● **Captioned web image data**
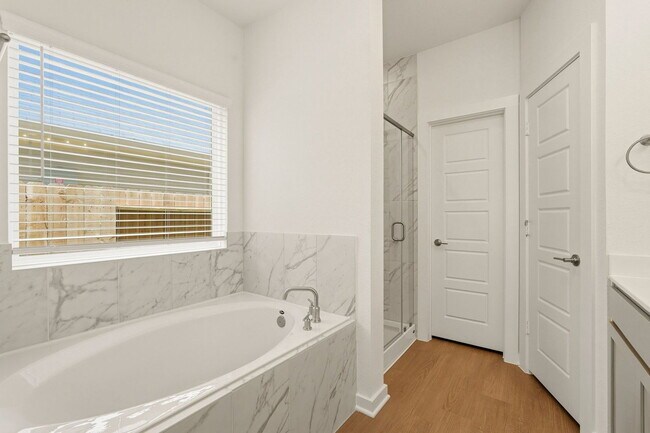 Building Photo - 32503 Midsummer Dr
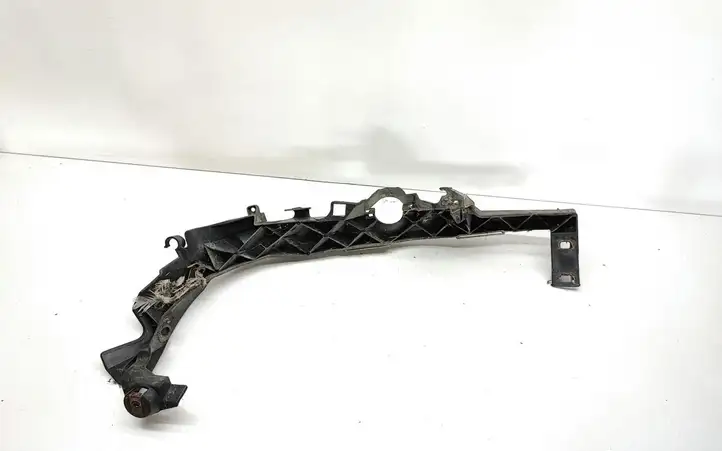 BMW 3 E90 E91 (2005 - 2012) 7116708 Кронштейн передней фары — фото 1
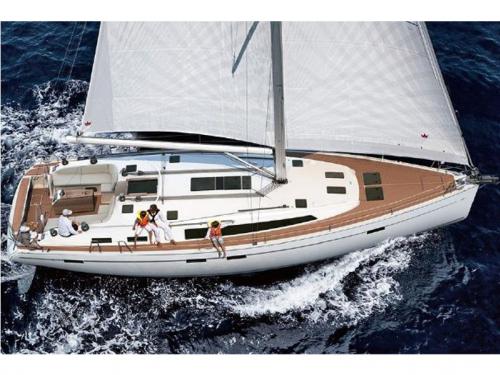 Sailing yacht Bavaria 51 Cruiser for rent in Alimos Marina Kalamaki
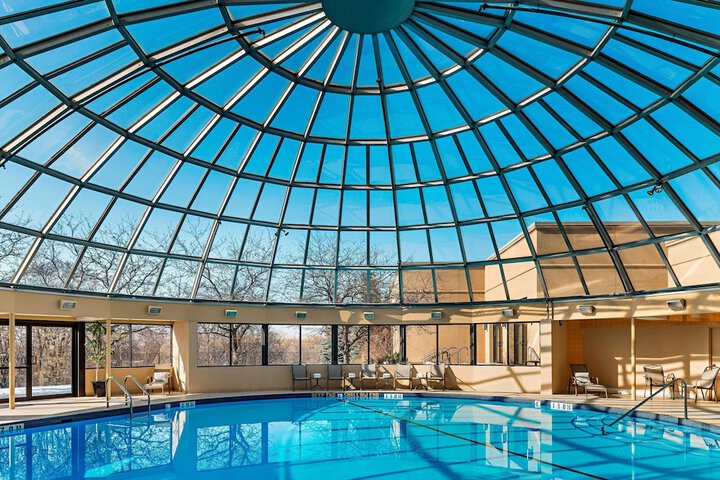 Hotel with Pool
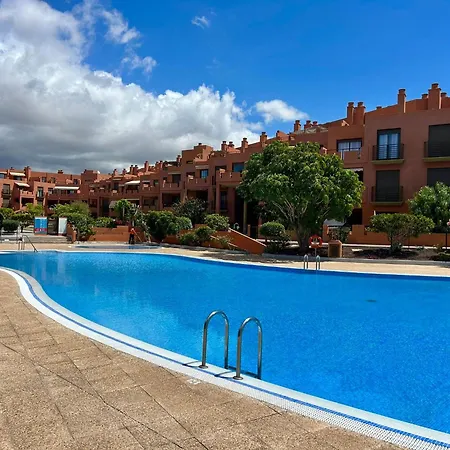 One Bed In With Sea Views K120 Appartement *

● **INSTRUCTIONS FOR THE TASK**
What you output must match the data exactly, apart from the pictures, which are left out.

● **ANSWER**
 Building Photo - 32503 Midsummer Dr
 BMW 3 E90 E91 (2005 - 2012) 7116708 Кронштейн передней фары — фото 1
 Sailing yacht Bavaria 51 Cruiser for rent in Alimos Marina Kalamaki
 Hotel with Pool
 One Bed In With Sea Views K120 Appartement *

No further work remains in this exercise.